• The data
○ ○ ○ ○ ○

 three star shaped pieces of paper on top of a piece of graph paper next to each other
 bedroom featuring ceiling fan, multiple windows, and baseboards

○ ○ ○ ○ ○

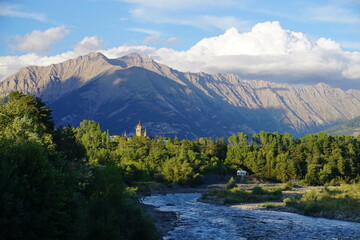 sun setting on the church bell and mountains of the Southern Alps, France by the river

○ ○ ○ ○ ○

• Directions for this task
Taking the records above, retype every line from the one with "three star shaped" down to the one with "bedroom featuring ceiling", exactly and with nothing else.

• Exercise answer
 three star shaped pieces of paper on top of a piece of graph paper next to each other
 bedroom featuring ceiling fan, multiple windows, and baseboards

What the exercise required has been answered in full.